The result: the full pipeline (~11-seconds audio clip → Whisper transcription → Llama 3.1 8B response) runs on a single 4090 in 1.7 seconds (full decode, half precision), without eviction. The conventional setup for the same pipeline needed two GPUs.

That’s a 19% latency improvement and half the hardware cost.

What Surprised Me

A few things didn’t go as expected during this build:

Faster-whisper’s lazy evaluation. When I was benchmarking the pipeline end-to-end, the numbers weren’t making sense. I eventually traced it to model.transcribe() — it returns a generator. The actual inference runs when you iterate over it, not when you call the function.

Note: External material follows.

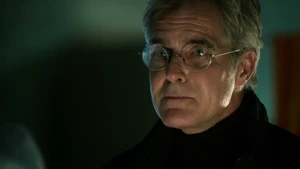 Winslow Scott Supergirl.png (622 KB)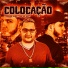 TESOURO RARO, MK no Beat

My timeit loops were measuring the generator construction, not the transcription.

The FP8 layout problem. I spent more time than I’d like on the B operand load for the FP8 GEMM kernel. Migrating from ld.shared.v2.u32 to ldmatrix.x4.m8n8.b16 required redesigning the offline pre-tiling permutation to match ldmatrix’s smem layout expectations, including correctly handling the transpose step. The PTX documentation is not generous with examples here.

Bound checks in hot loops. This was actually a lesson I’d already learned while building diff-match-patch-rs — removing bound checks in a hot loop gives you disproportionate gains. Same thing here. The compiler can’t eliminate bounds checks it can’t prove are unnecessary. Restructuring the inner loop to make that proof possible was one of the higher-leverage things I did.

Where This Is Going

The pipeline I described — Whisper, classifier, RAG, LLM — is not an unusual architecture. Anyone building a voice agent or a document assistant is doing something similar. The infrastructure problem I hit is not unique to my setup.

What I’m building with Neurafewz is an inference runtime that takes this approach seriously: compile-time optimization, cross-model memory allocation, and preemptive scheduling as first-class primitives. The goal is to make “run five models on one GPU without paying the coordination tax” not something every team has to figure out from scratch.

More on the architecture in a separate post. For now — if you’re building multi-model pipelines and hitting the same walls, I’d be curious what your setup looks like.